Given \(D\) i.i.d. samples from \(\mathcal{N}(0, \boldsymbol{\Sigma})\), the sample covariance matrix
\[
\boldsymbol{S} = \sum_{i=1}^D x_i {x_i}^T
\]
follows a Wishart distribution:
\[
\boldsymbol{S} \sim \operatorname{Wi}( \boldsymbol{\Sigma}, D).
\]
- Bayesian Inference:
It serves as a conjugate prior for the covariance matrix in multivariate normal models, enabling closed-form
updates of the posterior distribution.
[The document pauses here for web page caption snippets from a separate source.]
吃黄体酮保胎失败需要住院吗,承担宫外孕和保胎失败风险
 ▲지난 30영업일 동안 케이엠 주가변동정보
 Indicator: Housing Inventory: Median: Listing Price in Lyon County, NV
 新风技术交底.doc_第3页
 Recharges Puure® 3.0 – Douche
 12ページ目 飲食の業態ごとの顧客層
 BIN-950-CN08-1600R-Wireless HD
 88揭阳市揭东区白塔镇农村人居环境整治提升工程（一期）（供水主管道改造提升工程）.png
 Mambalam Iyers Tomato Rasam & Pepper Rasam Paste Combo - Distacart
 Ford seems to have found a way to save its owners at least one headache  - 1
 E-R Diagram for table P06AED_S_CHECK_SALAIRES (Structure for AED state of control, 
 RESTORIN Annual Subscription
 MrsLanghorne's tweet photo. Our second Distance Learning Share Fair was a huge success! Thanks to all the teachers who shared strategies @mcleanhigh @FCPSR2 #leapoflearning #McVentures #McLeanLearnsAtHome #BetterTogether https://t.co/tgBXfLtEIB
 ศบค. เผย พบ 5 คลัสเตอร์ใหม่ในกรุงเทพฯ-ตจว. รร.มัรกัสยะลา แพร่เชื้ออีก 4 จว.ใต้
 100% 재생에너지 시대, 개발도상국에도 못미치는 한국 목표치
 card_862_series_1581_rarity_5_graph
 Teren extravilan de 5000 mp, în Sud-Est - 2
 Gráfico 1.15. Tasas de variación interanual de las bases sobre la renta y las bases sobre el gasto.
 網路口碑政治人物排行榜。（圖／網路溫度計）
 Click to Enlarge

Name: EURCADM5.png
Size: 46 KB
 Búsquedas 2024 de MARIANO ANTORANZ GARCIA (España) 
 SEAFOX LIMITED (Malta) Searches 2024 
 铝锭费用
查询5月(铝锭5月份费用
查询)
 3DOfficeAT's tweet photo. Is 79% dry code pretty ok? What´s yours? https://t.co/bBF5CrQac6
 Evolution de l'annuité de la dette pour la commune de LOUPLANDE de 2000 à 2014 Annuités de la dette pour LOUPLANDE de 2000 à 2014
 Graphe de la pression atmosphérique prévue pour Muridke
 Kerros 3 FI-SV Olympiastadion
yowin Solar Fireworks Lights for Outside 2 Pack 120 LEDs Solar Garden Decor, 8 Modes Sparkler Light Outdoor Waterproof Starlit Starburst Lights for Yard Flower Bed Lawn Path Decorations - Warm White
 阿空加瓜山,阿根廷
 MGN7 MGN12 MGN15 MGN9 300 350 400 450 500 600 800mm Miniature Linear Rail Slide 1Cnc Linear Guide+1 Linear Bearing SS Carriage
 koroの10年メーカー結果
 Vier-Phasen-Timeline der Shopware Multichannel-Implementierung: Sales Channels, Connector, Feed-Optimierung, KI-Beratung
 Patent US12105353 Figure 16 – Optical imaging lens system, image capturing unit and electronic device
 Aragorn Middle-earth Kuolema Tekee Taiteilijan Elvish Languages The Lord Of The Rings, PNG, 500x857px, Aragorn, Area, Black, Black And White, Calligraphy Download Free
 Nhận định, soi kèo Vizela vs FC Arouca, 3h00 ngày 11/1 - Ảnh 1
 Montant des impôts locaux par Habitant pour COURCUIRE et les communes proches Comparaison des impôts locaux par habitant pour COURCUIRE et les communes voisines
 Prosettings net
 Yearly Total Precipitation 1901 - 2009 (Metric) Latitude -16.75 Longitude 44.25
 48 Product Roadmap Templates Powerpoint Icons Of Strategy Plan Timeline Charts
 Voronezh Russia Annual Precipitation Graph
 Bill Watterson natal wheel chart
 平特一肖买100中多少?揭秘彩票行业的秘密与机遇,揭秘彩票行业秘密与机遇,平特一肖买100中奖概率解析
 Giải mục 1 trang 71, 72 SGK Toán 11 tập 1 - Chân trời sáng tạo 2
We often use the inverse Wishart distribution:
For \(\nu > D -1\) and \(\boldsymbol{S} \succ 0\),
\[
\operatorname{IW}(\boldsymbol{\Sigma} | \boldsymbol{S}^{-1}, \nu)
= \frac{1}{Z_{IW}} |\boldsymbol{\Sigma}| ^{-(\nu+D+1)/2} \exp \Bigl( - \frac{1}{2} \text{ tr } (\boldsymbol{S} \boldsymbol{\Sigma}^{-1})\Bigr)
\]
where
\[
Z_{IW} = 2^{\nu D/2} | \boldsymbol{S} |^{\nu / 2}\,\Gamma_D (\frac{\nu}{2}).
\]
Then
\[
\boldsymbol{\Sigma} \sim \operatorname{IW}( \boldsymbol{S}, \nu).
\]
(Remember, \(\lambda \sim \text{Gamma }(a, b)\) then \(\frac{1}{\lambda} \sim \operatorname{IG}(a,b)\).
So, similarly, the IW is multivariate generalization of the IG.)
Note: One is about sampling properties of the estimator (frequentist), and the other is about prior beliefs and posterior
inference (Bayesian). In practice, both deal with uncertainty in covariance matrices, and the same distribution arises in
both roles — just with different interpretations.